Автобус взорвался разнообразными звуками. Все расступались, совали несчастному яблоки («Покормите жену, возьмите, это белый налив!»), гладиолусы («Детям в школу, что же, без цветов идти? Это свои, между прочим, сорт «малиновый звон»!»). Деду в клетчатой кепке кто-то опасливо уступил место – и его тут же окружил лес гладиолусов, сквозь который пробивались голоса и руки.

– Ой, а вот бы моя в этом году двоек-то не нахватала и в училище поступила!

– А можете сделать, чтоб у меня начальница в декрет ушла?

Мальчик в очках пристально смотрел на деда в кепке. Сидевшая рядом девочка в венке из последних полевых цветов наклонилась к нему:

– Что ты думаешь?

– Я думаю, что он врёт, – пожал плечами мальчик. – Дешёвые фокусы. И в реестре я всех знаю, кроме одной. Так что полная брехня. Сейчас ещё и деньги брать начнёт.

– Брехня? Я тоже так думаю, – усмехнулась девочка. И вдруг звонким оперным голосом завопила на весь автобус: – Эй, дедушка! Дедушка! А можете моё желание выполнить? Пожалуйста! Самое заветное! У меня есть друг, Винтер, и я хочу, чтобы он в этом году влюбился! Только, пожалуйста, не в меня! А то он мне ужасно надоел! Можно так сделать?

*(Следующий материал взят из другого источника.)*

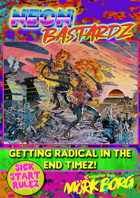Neon Bastardz Sick-Start Rulez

Кто-то засмеялся. Кто-то хмыкнул. Кто-то захлопал в ладоши. Дед в кепке обернулся и задорно подмигнул девочке в венке.

– Ты с ума сошла? – зашипел мальчик в очках, почему-то моментально побледневший. – Ты… Толмачёва, я убью тебя.

– Так это же всё брехня, – невинно пожала плечами девочка и поправила венок. – Ты же всех знаешь в реестре, чего тебе бояться?

«Винтер Максимилиан Генрихович. 14 лет, 8 класс.

В этом классе с 1 класса, периодически посещая уроки без видимой закономерности и результата.

Успеваемость неудовлетворительная, хотя способности к предметам естественно-научного цикла явно выражены (что Винтеру удаётся довольно успешно скрывать от учителей-предметников). В общественной работе замечен не был.

Неоднократно выступал инициатором разного рода хулиганств и беспорядков.

Харизматичен, обладает лидерскими качествами. Ни разу не был выдан одноклассниками – когда в кабинете географии выломали окно, преподавателям пришлось снимать с него отпечатки пальцев. Но ¾ проделок Максима сходят ему с рук за неимением доказательств.